15 mars 2011

Crise humanitaire en Côte d’Ivoire : soutenir les populations déplacées.

Reuters / Luc Gnago

Depuis les élections présidentielles qui ont opposé Alassane Ouattara et Laurent Gbagbo en décembre dernier, la Côte d’Ivoire est enlisée dans une grave crise humanitaire.
Les affrontements qui ont éclaté le 24 février entre les deux camps ne cessent de s’intensifier dans le sud du pays.

Le bilan que dressent les observateurs est lourd : près de 360 personnes sont mortes ; 40% de la population ivoirienne se trouvent désormais en dessous du seuil de pauvreté; 35% des enfants souffrent de malnutrition et les écoles fermées depuis novembre privent plus de 800 000 enfants d’éducation.
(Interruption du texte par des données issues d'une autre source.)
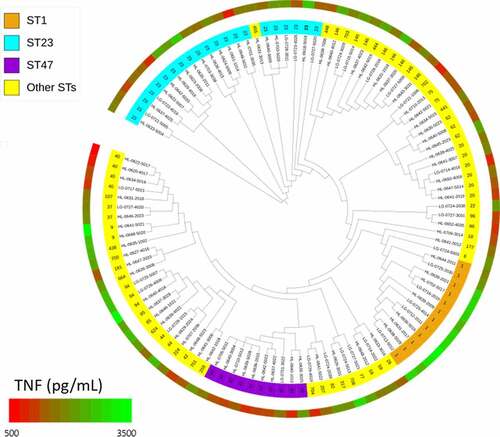 Figure 1. Whole genome-based phylogenetic tree of 108 Lp1 clinical isolates. The interior ring corresponds to clinical isolates STs and the exterior ring corresponds to a heatmap representing TNF-α secretion levels by infected U937 cells.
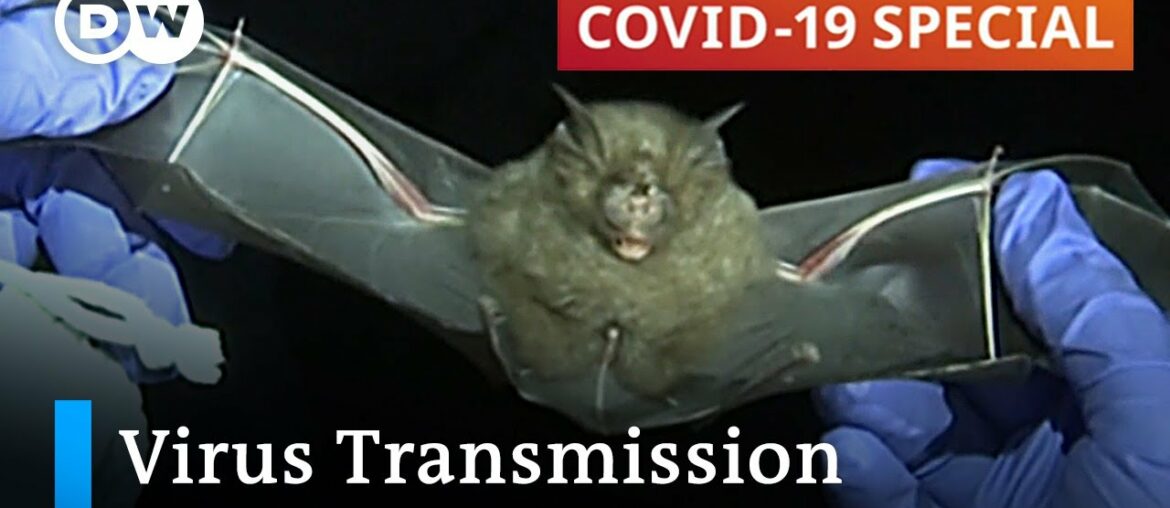 How dangerous is virus transmission from wild animals to humans | COVID-19 Special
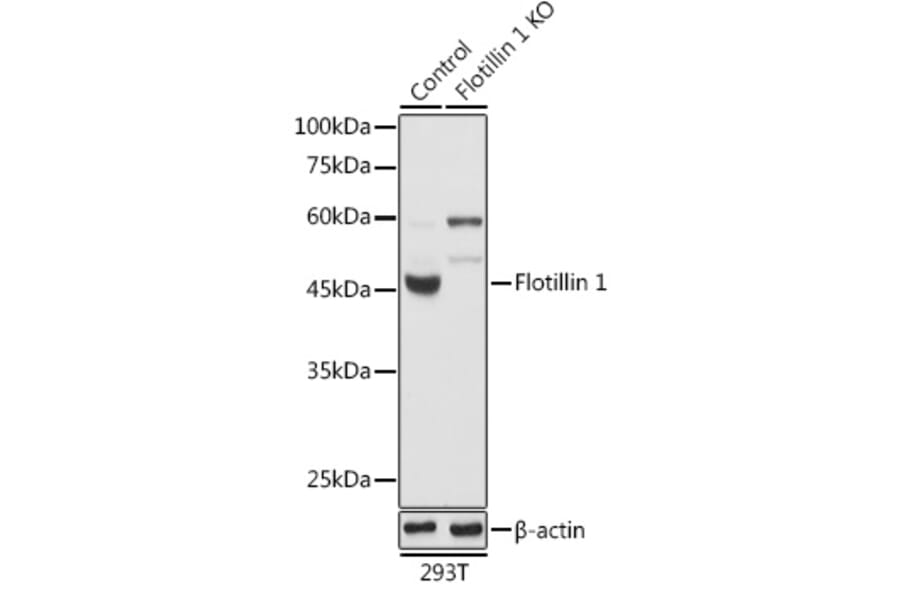 Western Blot - Anti-Flotillin 1 Antibody (A15114) - Antibodies.com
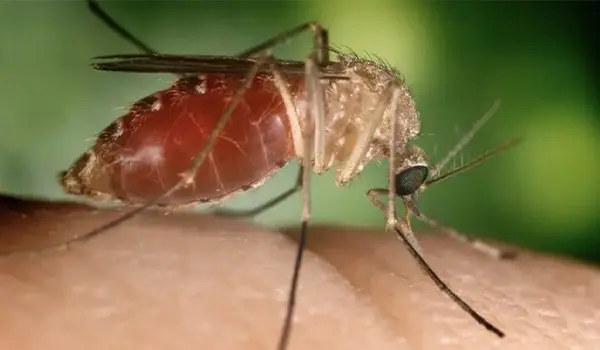 Virus West Nile: 19 vittime e almeno 178 casi confermati nel 2025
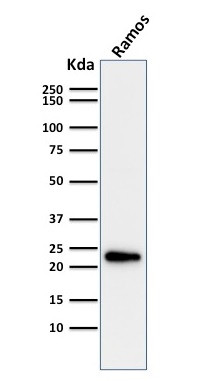 LMO2 (B-Cell Marker) Antibody in Western Blot (WB)
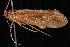  ( - 08-JDWBC-3553)  @12 [ ] CreativeCommons - Attribution (2010) Unspecified Centre for Biodiversity Genomics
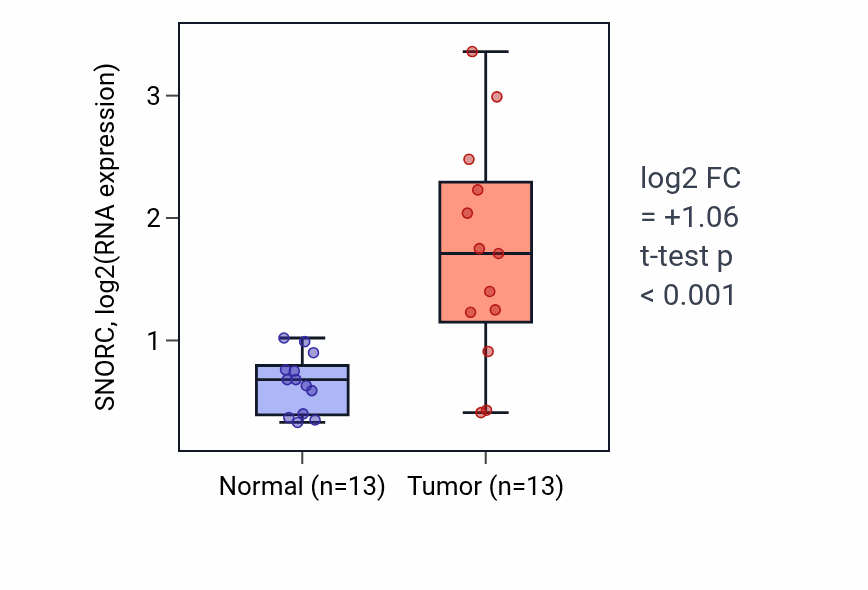 Tumor-vs-normal expression box plot for SNORC RNA in KIRC.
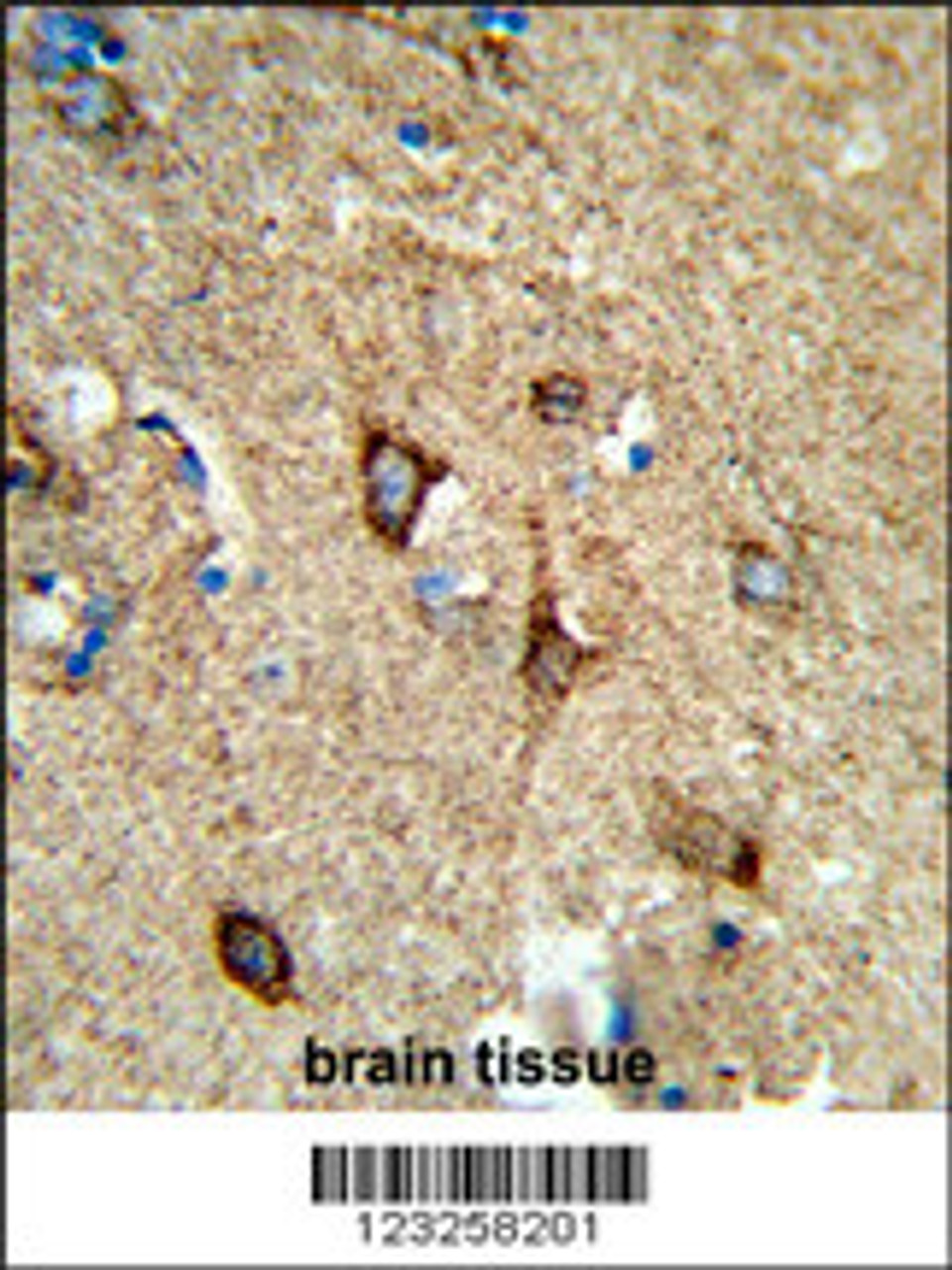 Formalin-fixed and paraffin-embedded human brain tissue reacted with COX5A Antibody, which was peroxidase-conjugated to the secondary antibody, followed by DAB staining.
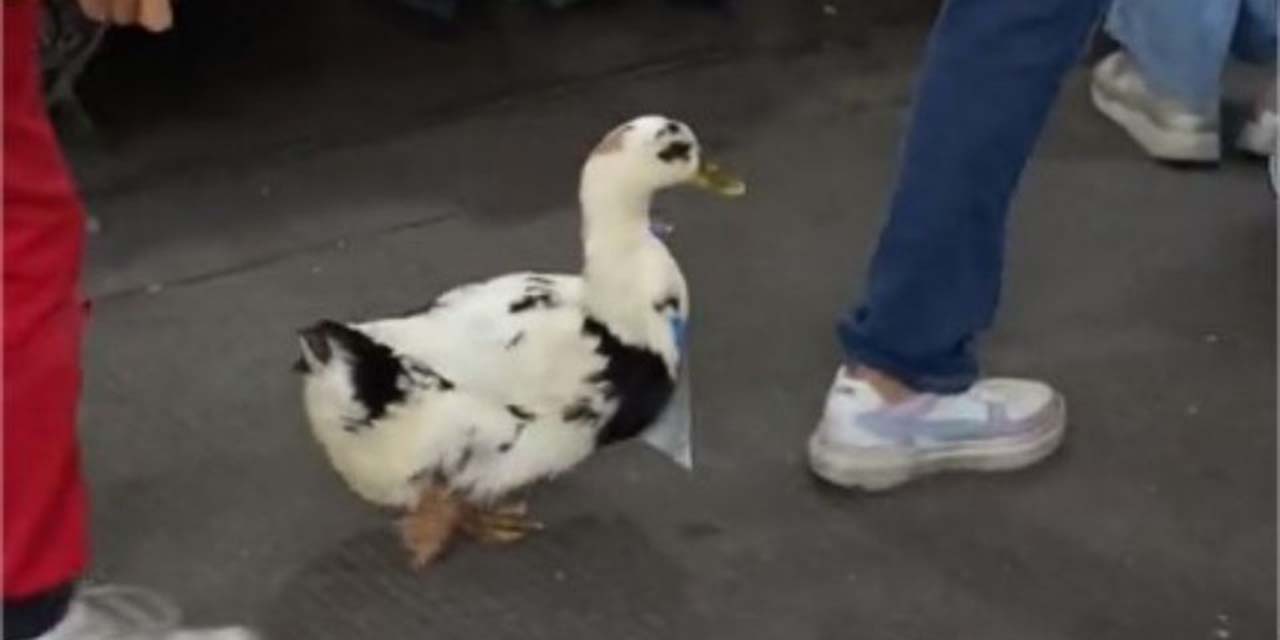 Patito vendedor de agua conquista las calles de la Ciudad de México y se vuelve viral | El Imparcial de Oaxaca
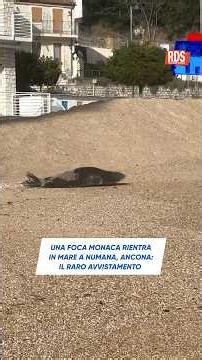Ancona, foca monaca avvistata in spiaggia a Numana: il video virale
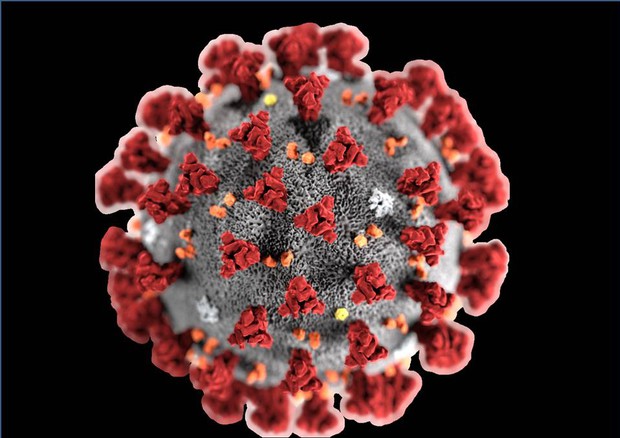 coronavirus ipertensione e fibrillazione atriale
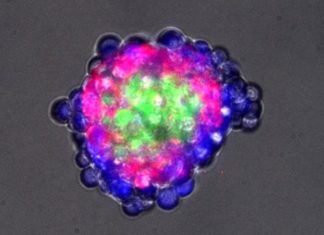 Biologists program cells to self-organize into 3D-structures in a first step towards tissues that regrow and self-repair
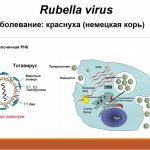 Rubella virus.jpg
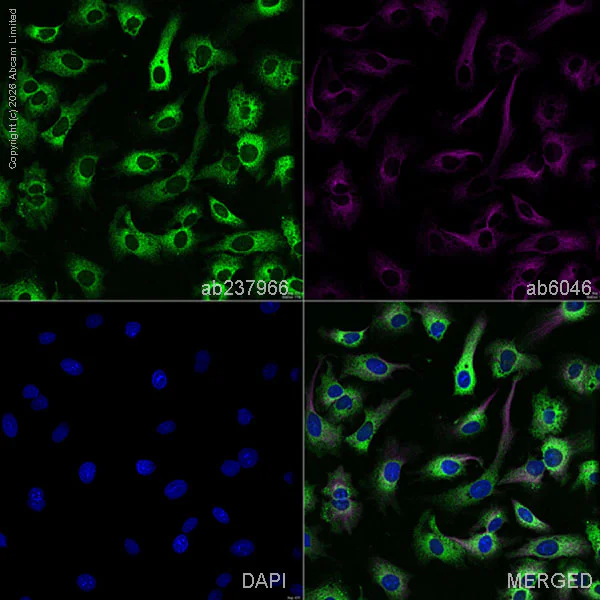 Immunocytochemistry/ Immunofluorescence - Anti-Cytochrome C antibody [7H8.2C12] - BSA and Azide free (AB237966)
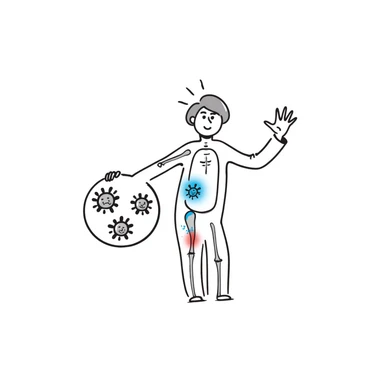 Medical illustration of anti-inflammatory process: transparent human body with highlighted joints, cool blue healing energy neutralizing red inflammation areas, small circular inset showing immune cells becoming calm, clean clinical style with soft futuristic background sticker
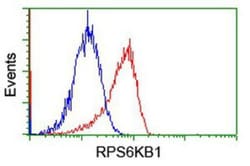 p70 S6 Kinase/S6K Antibody (OTI1G4), Novus Biologicals 0.1mL; Unlabeled:Antibodies,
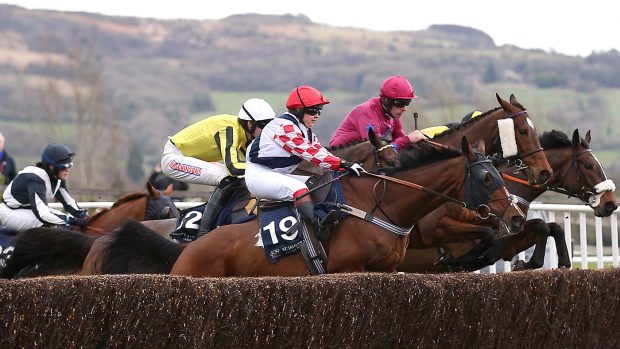 Amateur riders will not take part in the 2021 Cheltenham Festival, owing to coronavirus restrictions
Au total, près de 326 000 ivoiriens ont fui les combats. 84 000 ont traversé les frontières pour trouver refuge au Liberia, en Guinée ou, dans une moindre mesure, au Mali. Les autres, les « ivoiriens déplacés », se réfugient principalement à l’ouest de la Côte d’Ivoire (42 000 personnes) et à Abidjan (200 000 personnes). Ils sont accueillis chez les habitants ou dans des camps.

Les Nations Unies et les ONG ont identifié des besoins humanitaires urgents dans six domaines :
• Hygiène, eau et assainissement : dans de nombreuses villes, la collecte d’ordures a cessé et la pollution de l’eau dans les camps augmente les risques de cholera, typhoïde, fièvre jaune et malaria.
• Santé : plus de 300 cas de choléra ont déjà été détectés.
• Abris: de fortes pluies ont détruit les habitations.
• Alimentation : des milliers d’enfants souffrent de malnutrition.
• Gestion des camps: les camps peinent à fonctionner correctement par manque de coordination
• Sécurité : de nombreux cas de violences sexuelles ont été enregistrés.

CARE, présente en Côte d’Ivoire depuis 2003, souhaite apporter une aide d’urgence à près de 41 000 personnes à Duekoué et Man, principales villes à l’ouest du pays accueillant les camps, et concentrer ses efforts dans les secteurs de l’hygiène et de l’assainissement.